• [The records]
──────

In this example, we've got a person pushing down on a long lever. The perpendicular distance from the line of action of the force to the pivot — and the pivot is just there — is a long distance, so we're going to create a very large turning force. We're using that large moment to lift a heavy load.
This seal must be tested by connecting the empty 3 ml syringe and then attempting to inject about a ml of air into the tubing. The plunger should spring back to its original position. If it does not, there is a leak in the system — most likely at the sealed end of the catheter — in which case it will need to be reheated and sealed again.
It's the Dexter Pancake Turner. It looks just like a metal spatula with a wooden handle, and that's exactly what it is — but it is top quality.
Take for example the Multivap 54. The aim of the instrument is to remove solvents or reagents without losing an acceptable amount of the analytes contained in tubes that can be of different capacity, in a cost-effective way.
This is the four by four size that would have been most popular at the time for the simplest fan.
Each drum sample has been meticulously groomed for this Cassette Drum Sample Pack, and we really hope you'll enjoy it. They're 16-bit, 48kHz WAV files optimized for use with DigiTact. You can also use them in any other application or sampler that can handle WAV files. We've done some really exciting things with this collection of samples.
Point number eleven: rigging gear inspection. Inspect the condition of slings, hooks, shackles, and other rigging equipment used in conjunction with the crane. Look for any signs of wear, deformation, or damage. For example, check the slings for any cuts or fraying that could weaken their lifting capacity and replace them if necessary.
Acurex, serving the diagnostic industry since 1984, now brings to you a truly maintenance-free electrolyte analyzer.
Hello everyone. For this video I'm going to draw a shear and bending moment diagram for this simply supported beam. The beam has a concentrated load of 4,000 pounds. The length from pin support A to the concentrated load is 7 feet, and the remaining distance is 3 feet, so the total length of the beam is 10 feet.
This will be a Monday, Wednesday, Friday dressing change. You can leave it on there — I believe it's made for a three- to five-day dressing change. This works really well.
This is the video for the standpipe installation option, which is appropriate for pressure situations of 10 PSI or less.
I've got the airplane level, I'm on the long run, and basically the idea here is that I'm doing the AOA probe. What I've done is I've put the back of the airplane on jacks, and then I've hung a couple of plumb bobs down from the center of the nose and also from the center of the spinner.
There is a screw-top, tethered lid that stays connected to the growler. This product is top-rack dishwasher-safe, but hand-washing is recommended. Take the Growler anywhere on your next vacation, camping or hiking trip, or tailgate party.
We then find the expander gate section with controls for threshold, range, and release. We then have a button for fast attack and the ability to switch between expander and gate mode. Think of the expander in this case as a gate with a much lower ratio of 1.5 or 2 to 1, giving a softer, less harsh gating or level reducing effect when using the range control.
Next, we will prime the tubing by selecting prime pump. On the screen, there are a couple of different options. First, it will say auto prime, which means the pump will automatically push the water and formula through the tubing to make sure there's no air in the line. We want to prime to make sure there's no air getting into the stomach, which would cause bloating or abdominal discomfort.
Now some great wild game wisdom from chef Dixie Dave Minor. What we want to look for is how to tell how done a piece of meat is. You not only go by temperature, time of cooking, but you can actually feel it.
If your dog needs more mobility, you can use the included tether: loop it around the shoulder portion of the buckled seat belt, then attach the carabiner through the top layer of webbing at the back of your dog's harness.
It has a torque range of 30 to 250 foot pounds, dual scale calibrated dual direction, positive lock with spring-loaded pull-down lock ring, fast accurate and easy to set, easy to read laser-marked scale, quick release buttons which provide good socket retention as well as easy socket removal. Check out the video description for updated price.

──────

Transcribe the listing above exactly as shown.

• [Written reply]
In this example, we've got a person pushing down on a long lever. The perpendicular distance from the line of action of the force to the pivot — and the pivot is just there — is a long distance, so we're going to create a very large turning force. We're using that large moment to lift a heavy load.
This seal must be tested by connecting the empty 3 ml syringe and then attempting to inject about a ml of air into the tubing. The plunger should spring back to its original position. If it does not, there is a leak in the system — most likely at the sealed end of the catheter — in which case it will need to be reheated and sealed again.
It's the Dexter Pancake Turner. It looks just like a metal spatula with a wooden handle, and that's exactly what it is — but it is top quality.
Take for example the Multivap 54. The aim of the instrument is to remove solvents or reagents without losing an acceptable amount of the analytes contained in tubes that can be of different capacity, in a cost-effective way.
This is the four by four size that would have been most popular at the time for the simplest fan.
Each drum sample has been meticulously groomed for this Cassette Drum Sample Pack, and we really hope you'll enjoy it. They're 16-bit, 48kHz WAV files optimized for use with DigiTact. You can also use them in any other application or sampler that can handle WAV files. We've done some really exciting things with this collection of samples.
Point number eleven: rigging gear inspection. Inspect the condition of slings, hooks, shackles, and other rigging equipment used in conjunction with the crane. Look for any signs of wear, deformation, or damage. For example, check the slings for any cuts or fraying that could weaken their lifting capacity and replace them if necessary.
Acurex, serving the diagnostic industry since 1984, now brings to you a truly maintenance-free electrolyte analyzer.
Hello everyone. For this video I'm going to draw a shear and bending moment diagram for this simply supported beam. The beam has a concentrated load of 4,000 pounds. The length from pin support A to the concentrated load is 7 feet, and the remaining distance is 3 feet, so the total length of the beam is 10 feet.
This will be a Monday, Wednesday, Friday dressing change. You can leave it on there — I believe it's made for a three- to five-day dressing change. This works really well.
This is the video for the standpipe installation option, which is appropriate for pressure situations of 10 PSI or less.
I've got the airplane level, I'm on the long run, and basically the idea here is that I'm doing the AOA probe. What I've done is I've put the back of the airplane on jacks, and then I've hung a couple of plumb bobs down from the center of the nose and also from the center of the spinner.
There is a screw-top, tethered lid that stays connected to the growler. This product is top-rack dishwasher-safe, but hand-washing is recommended. Take the Growler anywhere on your next vacation, camping or hiking trip, or tailgate party.
We then find the expander gate section with controls for threshold, range, and release. We then have a button for fast attack and the ability to switch between expander and gate mode. Think of the expander in this case as a gate with a much lower ratio of 1.5 or 2 to 1, giving a softer, less harsh gating or level reducing effect when using the range control.
Next, we will prime the tubing by selecting prime pump. On the screen, there are a couple of different options. First, it will say auto prime, which means the pump will automatically push the water and formula through the tubing to make sure there's no air in the line. We want to prime to make sure there's no air getting into the stomach, which would cause bloating or abdominal discomfort.
Now some great wild game wisdom from chef Dixie Dave Minor. What we want to look for is how to tell how done a piece of meat is. You not only go by temperature, time of cooking, but you can actually feel it.
If your dog needs more mobility, you can use the included tether: loop it around the shoulder portion of the buckled seat belt, then attach the carabiner through the top layer of webbing at the back of your dog's harness.
It has a torque range of 30 to 250 foot pounds, dual scale calibrated dual direction, positive lock with spring-loaded pull-down lock ring, fast accurate and easy to set, easy to read laser-marked scale, quick release buttons which provide good socket retention as well as easy socket removal. Check out the video description for updated price.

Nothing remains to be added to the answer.